Do you have an idea how to show that?

Unfortunately, I have not.

Edit:

I've already tried to show that $$Var(\theta_2)/Var(\theta_1)<1,$$ i.e. that $$\frac{(x_n-x_1)^2}{\sum_{i=1}^{n}(x_i-\overline{x})^2}=\frac{x_1^2+x_n^2-2x_1x_n}{\sum_{i=1}^{n}x_i^2-n\overline{x}^2}<1$$ but with no success.

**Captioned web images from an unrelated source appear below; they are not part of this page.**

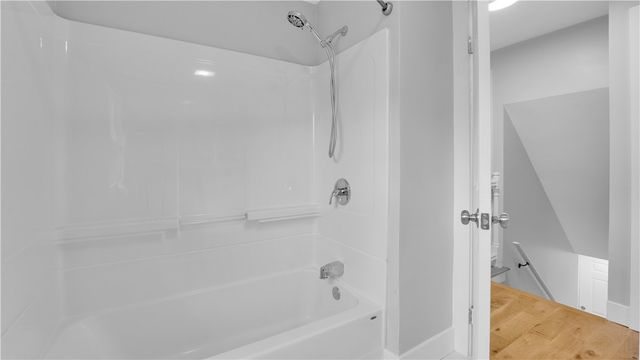 32 Yorktown Drive, Greece, NY 14616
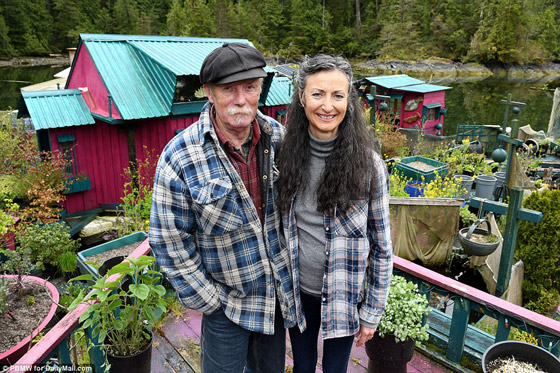 بنيا جزيرة منفصلة عن العالم منذ 29 عاماً..كيف يعيش ثنائي في عزلة تامة؟ صورة رقم 5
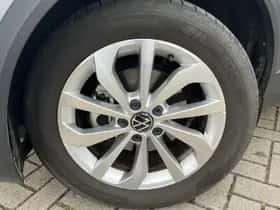 Volkswagen T-Roc (2023) thumbnail 2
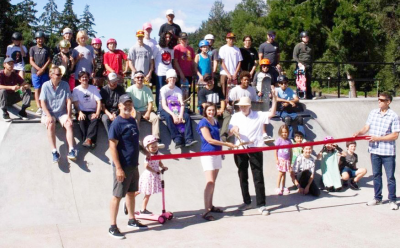 Ribbon-Cutting ceremony at  City's first skate jam in 2023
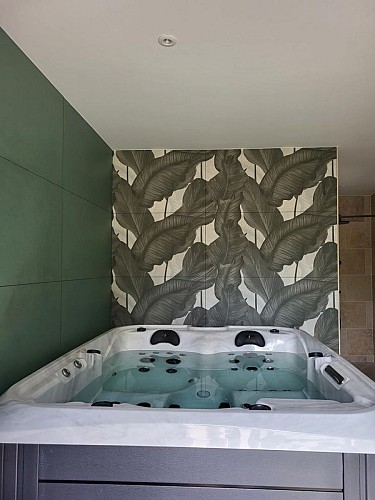 HLOAQU047V50ML0E_LoubesBernac_BurbujasDeAmor_photo7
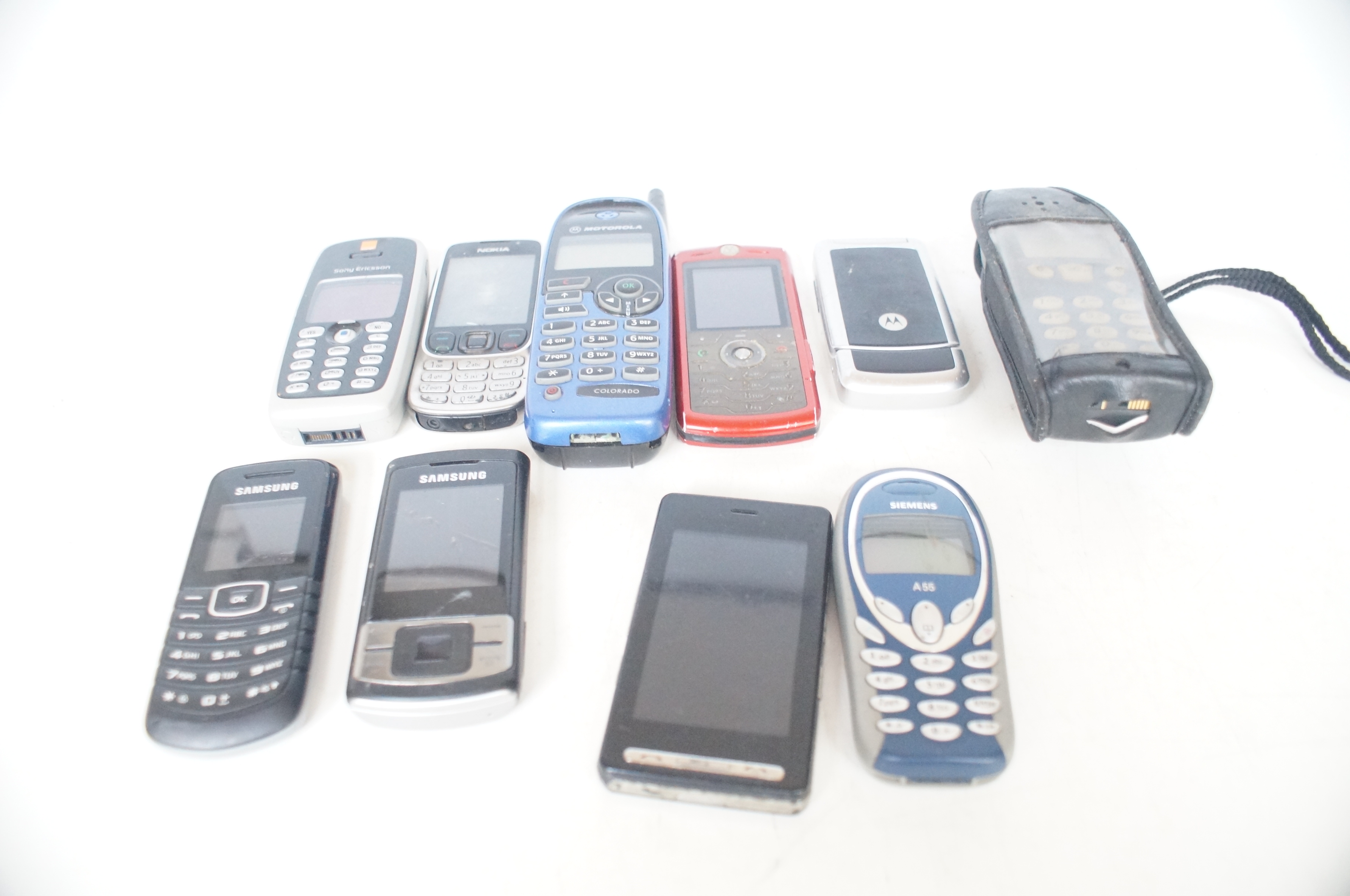 Collection of vintage mobile phones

• You could look at the ratio and show that it is $>1$. – Hans Engler May 14 '14 at 22:17

$$\frac{2\sigma^2}{(x_1 - x_n)^2} \geq \frac{\sigma^2}{\sum_{i=1}^n (x_i - \bar{x})^2}$$
$$\sum_{i=1}^n (x_i - \bar{x})^2 \geq \frac{1}{2}(x_1 - x_n)^2.$$ Now, in order to avoid typing $\bar{x}$ all over the place, let's define $y_i = x_i - \bar{x}$. We then have $y_1 - y_n = x_1 - x_n$, and the desired result is \begin{align*} \sum_{i=1}^n y_i^2 &\geq \frac{1}{2}(y_1 - y_n)^2\\ &= \frac{1}{2}(y_1^2 + y_n^2 - 2y_1y_n). \end{align*} Subtracting $y_1^2$ and $y_n^2$ from both sides yields that we want to show \begin{align*} \sum_{i=2}^{n-1} y_i^2 &\geq -\frac{1}{2}(y_1^2 + y_n^2 + 2y_1y_n)\\ &= -\frac{(y_1+y_n)^2}{2}, \end{align*} which is trivially true as the left hand side is a sum of non-negative terms, and must therefore be greater than zero.
For $\bar{x} \neq \frac{1}{2}(x_1 + x_n)$ we see that the right hand side is negative, and the inequality is strict.